It was quite the day. I started off attending a church meeting in the morning but the whole time I kept thinking of the afternoon hunt and all the things I had to complete before leaving, the most important being the 4X6s needed to build a 12′ hoist in my garage. The urgency of the hoist was apparent but I was not sure I would shoot a moose that day. I left for my favorite hunting area half hour from my home and arrived around 4:30 pm. I was confindent I would get an opportunity because of the amount of animals I seen the week prior.

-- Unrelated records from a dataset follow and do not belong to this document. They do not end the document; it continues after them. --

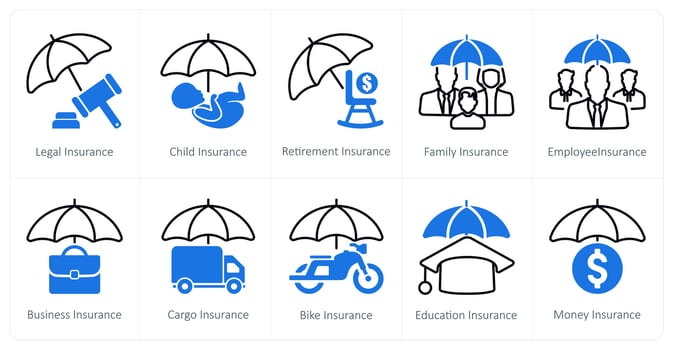 A set of 10 Insurance icons as legal insurance, child insurance, retirement insurance vector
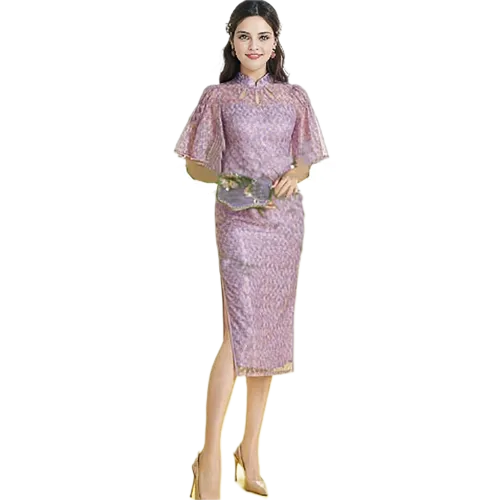 SIMEIZI Гиацинтово-фиолетовый Женские Ципао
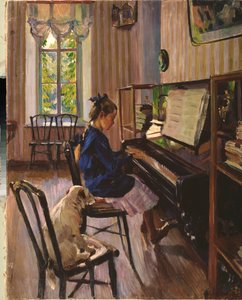 At the Piano - Maleri af Sergei Arsenyevich Vinogradov (1869-1938), olie på lærred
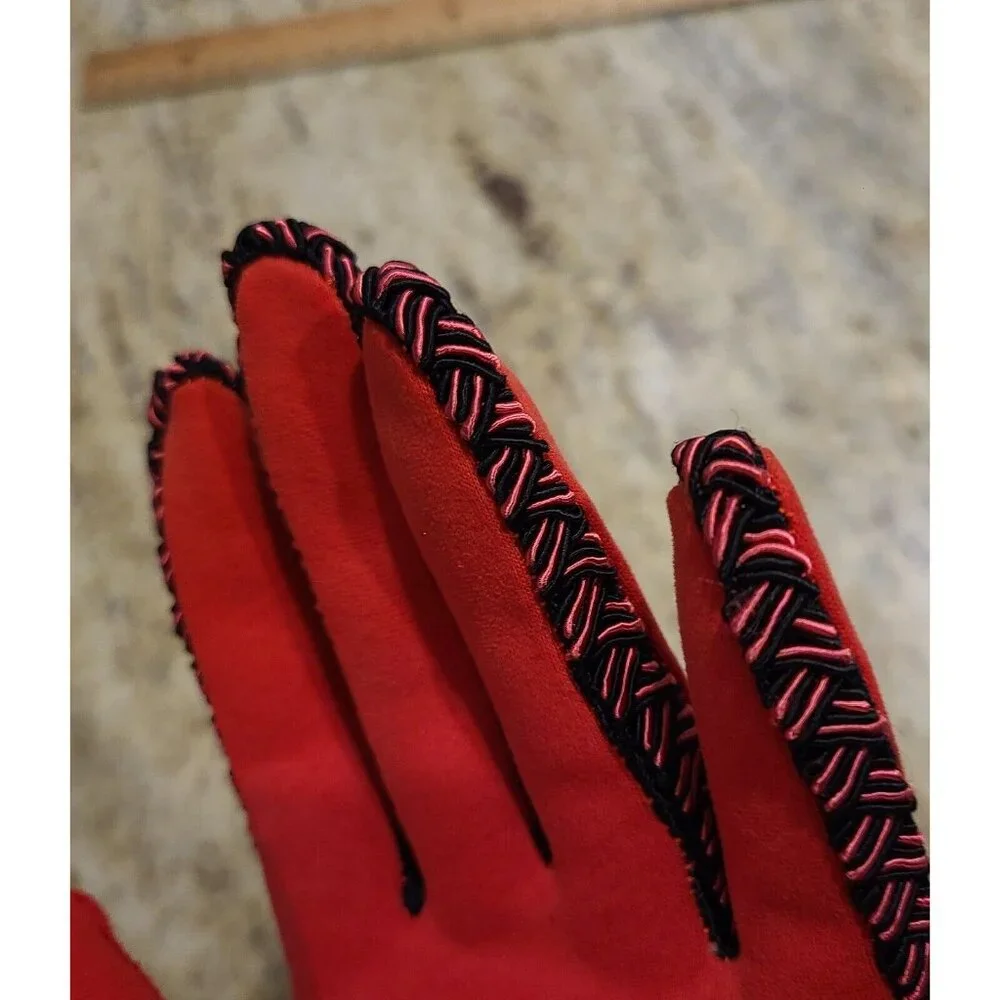 New! Vintage Size M 7 Red Black Stretch Formal 8.5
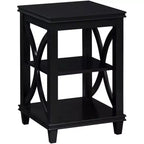 Table d'appoint HomeStock Belmont avec côtés en X doux et deux étagères, en bois d'hévéa massif avec placage de chêne pour le rangement du salon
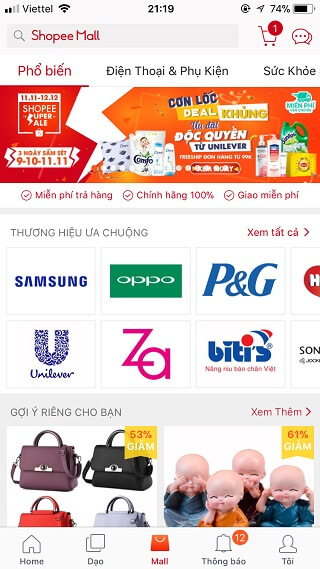 Shopee Mall là danh mục hàng chất lượng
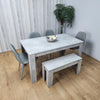 Wooden Grey Dining Table Set with Bench and 4 Grey Chairs Kitchen Room Furniture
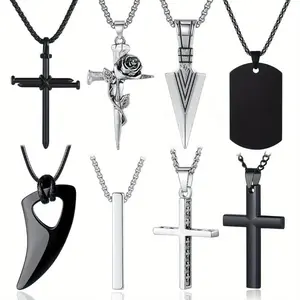 8 Pcs Necklace for Men, Mens Necklaces Jewelry Set, Black and Silver Stainless Steel Necklace, Cross Pendant Necklace, 16-24 Inches Chain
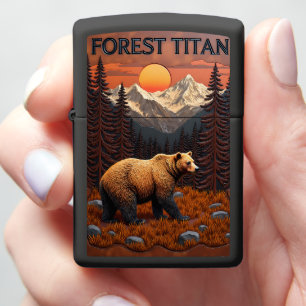 Forest Titan Bear Mountain Sunset Zippo Lighter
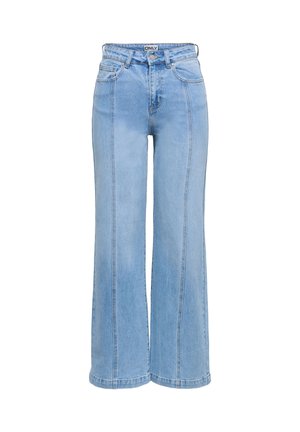 Light blue denim wide-leg jeans with a high waist, featuring front pockets and contrasting stitching detail along the sides.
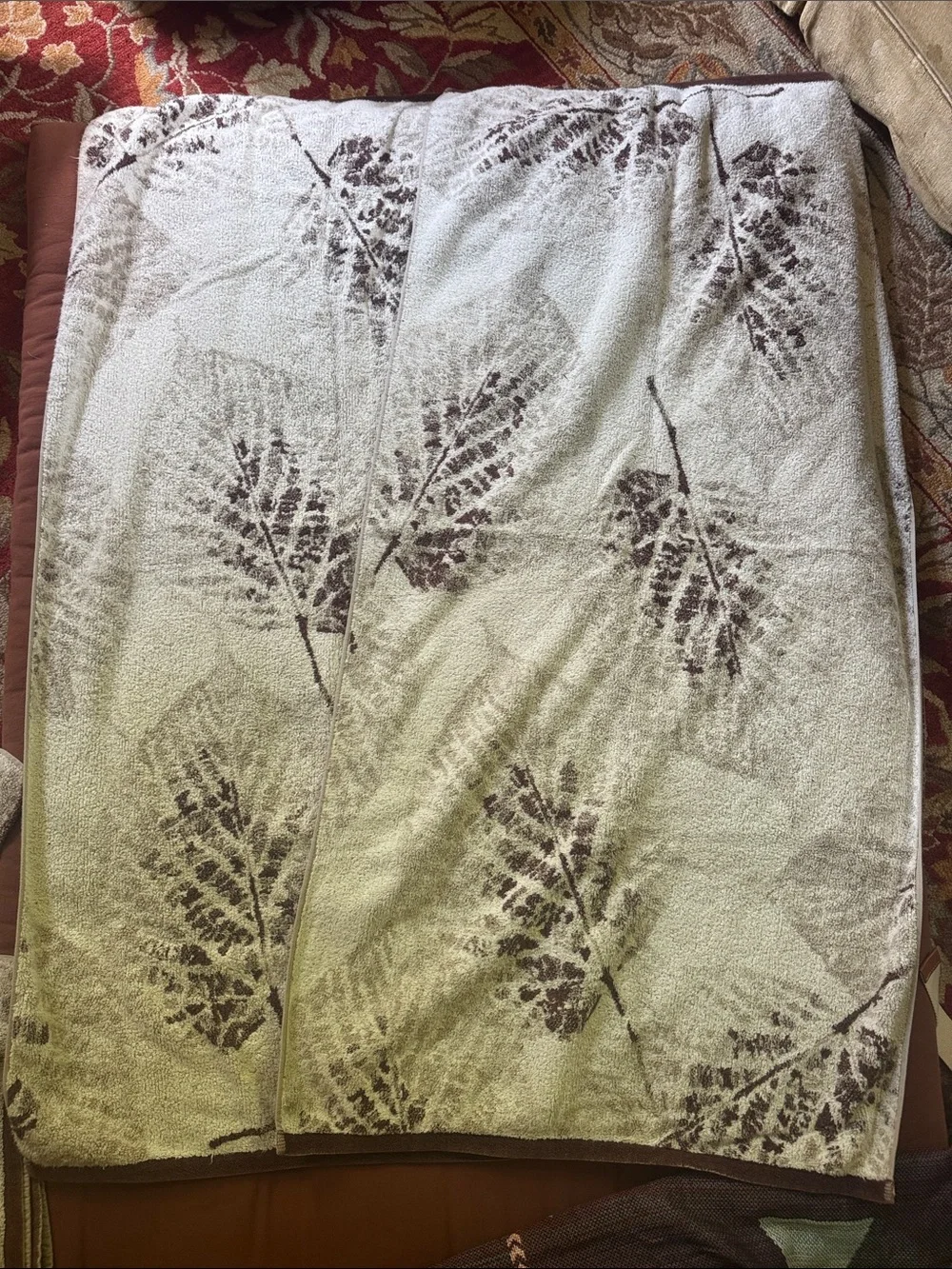Espalma luxury towel set 6 bathroom wash cloth leaf leaves nature print cotton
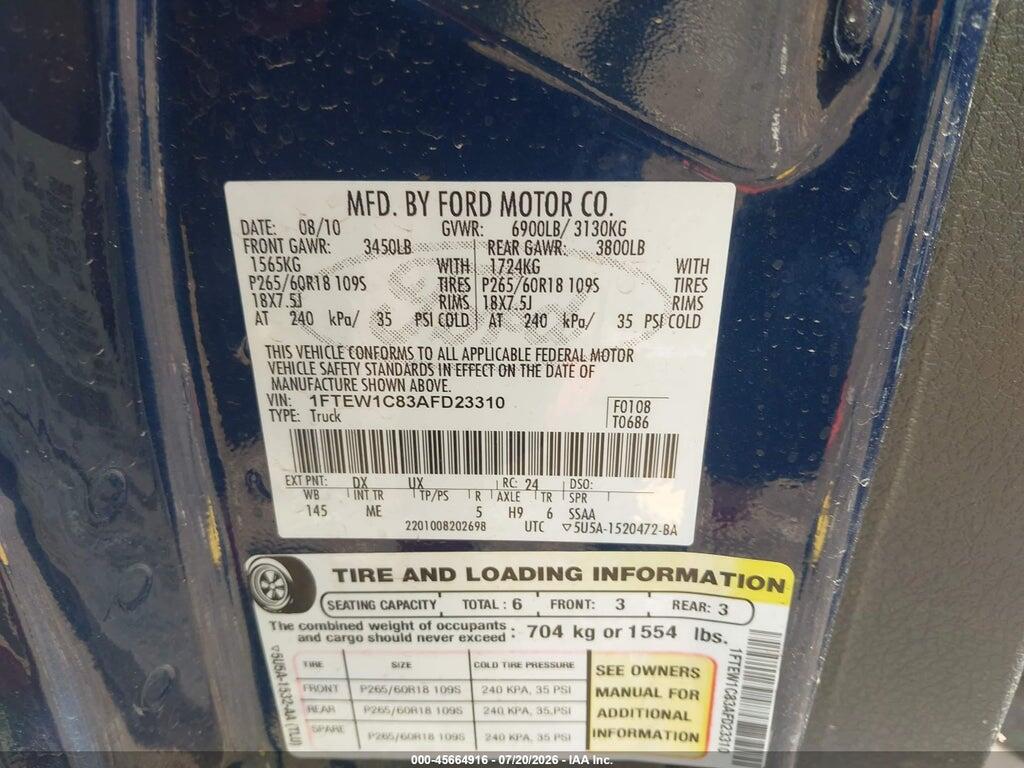 1FTEW1C83AFD23310 2010 FORD F-150 photo no. 9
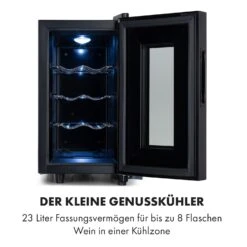 Bellevin 8 Uno Weinkühlschrank 23 Liter 11-18 °C LED Touch SingleZone -Haushaltsgeräte Geschäft 10035862 de 0003 logo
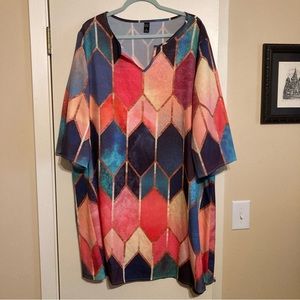 Emory Rose plus notch neck geo print color block tunic dress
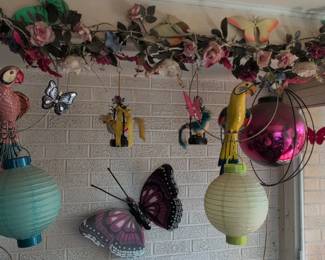 Hanging Decorative Garland with Birds, Butterflies, and Paper Lanterns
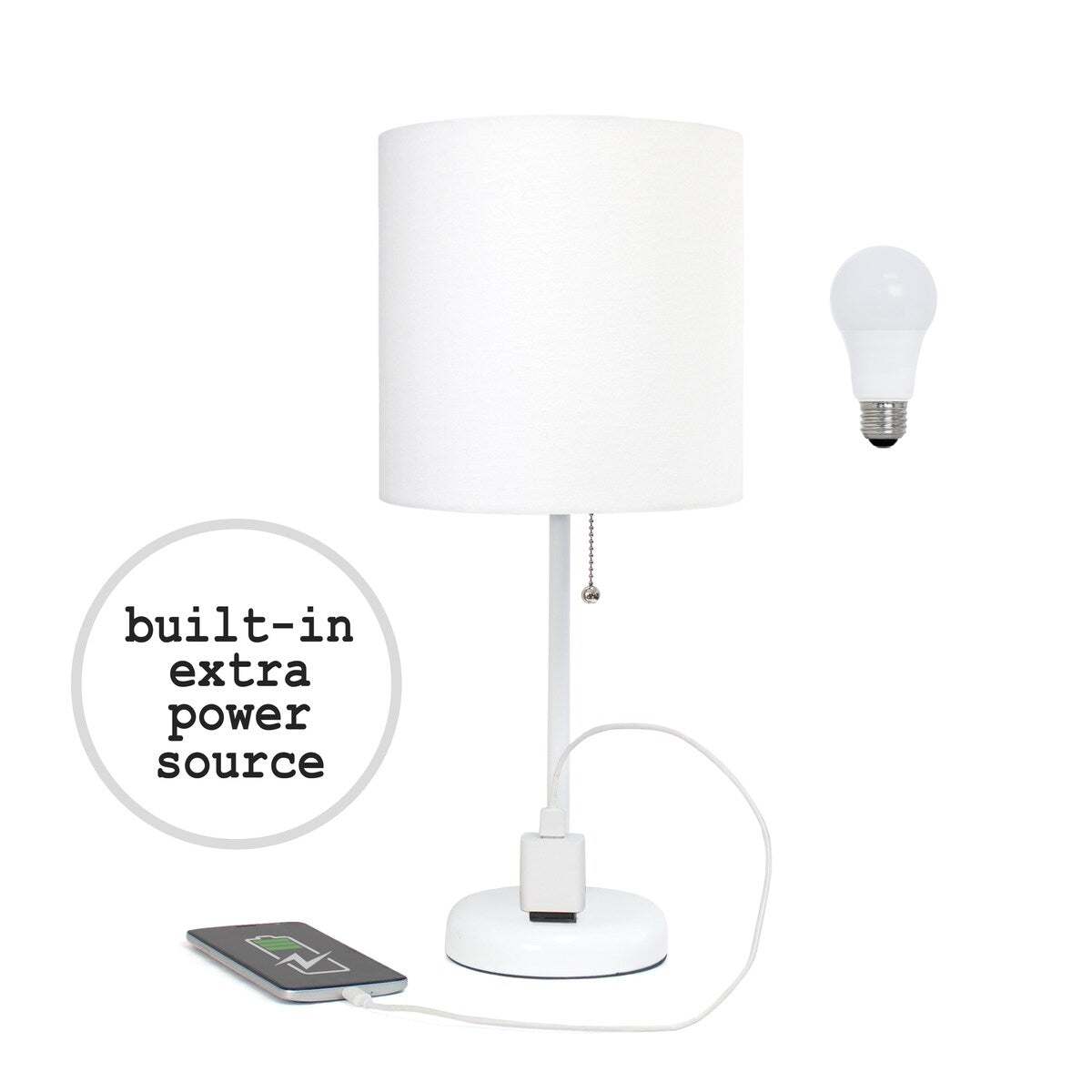 Simple Designs 9.5 Desk Lamp with Charging Outlet and LED Bulb Included - 19.50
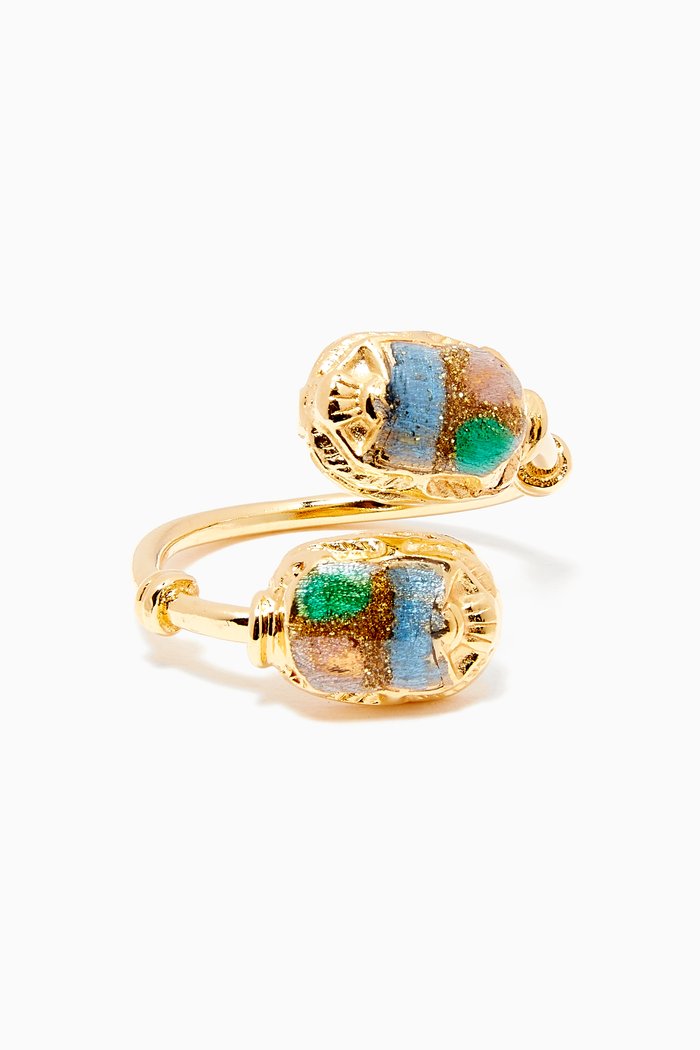 

Duality Scaramouche Ring in 24kt Gold Plating, Multicolour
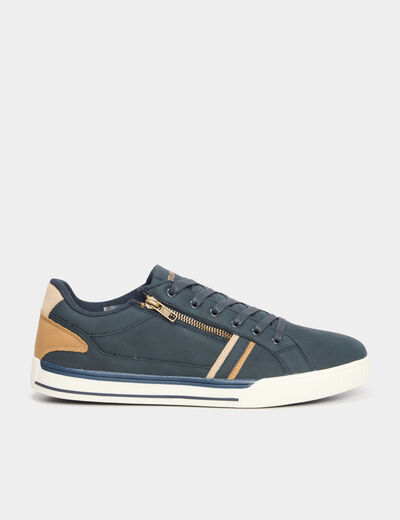 Tennis basses à lacets bleu homme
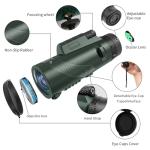 Compact 10X42 HD Monocular with Tripod & Holder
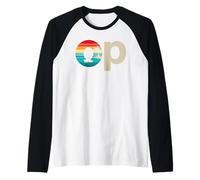 Op Ocean Vintage Pacific Ocean Beach Sun Palm Trees Retro Maglia con Maniche Raglan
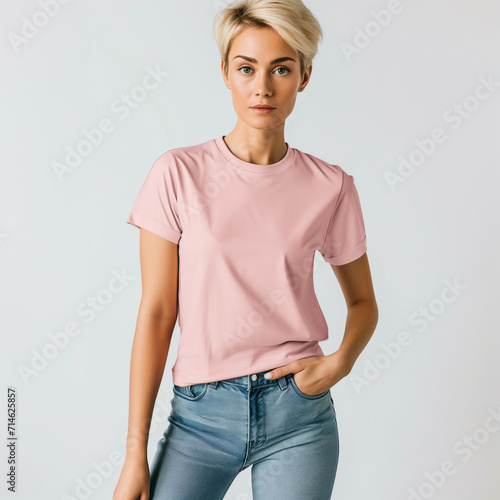 Pink T-shirt Mockup, Woman, Girl, Female, Model, Wearing a Pink Tee Shirt and Blue Jeans, Oversized Blank Shirt Template, White Background, Close-up View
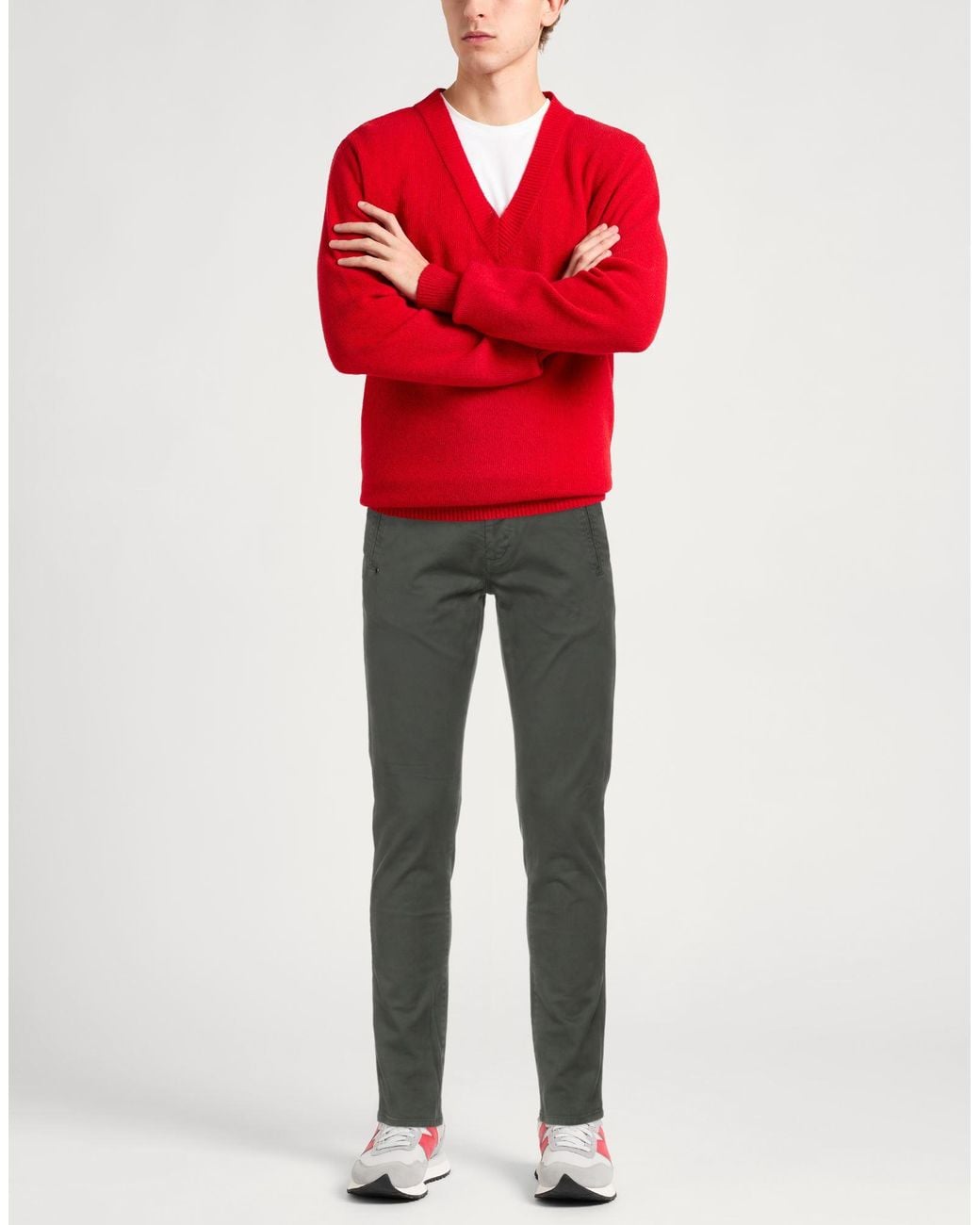 Daniele Alessandrini Gray Pants Cotton, Elastane for men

I was not more that 100 yards into the bush when I heard the cracking of willows from a fleeing moose. I instinctively gave a quick grunt and stopped the bull in his tracks. We stared each other down for about two or three minutes before he made the move. With my bow at full draw he stepped into the opening at 30 yards but unfortunatly was on the run. I gave a quick grunt again and stopped him broadside. I ranged him at 74 yards. 14 yards further than my comfort zone for moose so I let off my bow. The bull fled onto the trail I had planned on following to the tree stand my friend and I set up the year before. As I stepped onto the trail to go to my stand I had an erie feeling. A slight fear came over me and I found myself constantly looking for the next climbable tree. The fear soon was replaced with frustration as I could not find the tree stand. I went back and forth along the trails adjacent the willows when finally I spotted a group of pine trees. I knew that was the spot the stand must be in so I headed that direction and found the stand. I was finally settled at about 5:30 pm and ready for the hunt

I began to cow call throughout the evening but did not see anything. I heard some walking to my left but could not see anything then quiet. An hour must have passed since hearing the walking animal. I decided that I would leave the stand at 7:40 pm as that would allow me half an hour of sunlight to get myself out of the bush as I knew my calling may turn the moose aggressive. 7:40 came and I lowered my bow down the tree on its rope and began climbing down myself. I was just over half way down the tree when I heard CRACK! to my left. I looked over and saw a young bull coming in. I briskly got to the ground, grabbed my bow and untied it. I was caught. The bull was 40 yards off staring me in the face. With my bow in hand I gave a slight cow bark and he committed to me. I drew my bow and he stepped out at 30 yards and turned to go back so I released. The crack was louder than any I’ve heard in my 18 years of bowhunting. The bull ran about 60 yards and I heard him fall, followed by the low grunt of another bull coming in from straight ahead of me.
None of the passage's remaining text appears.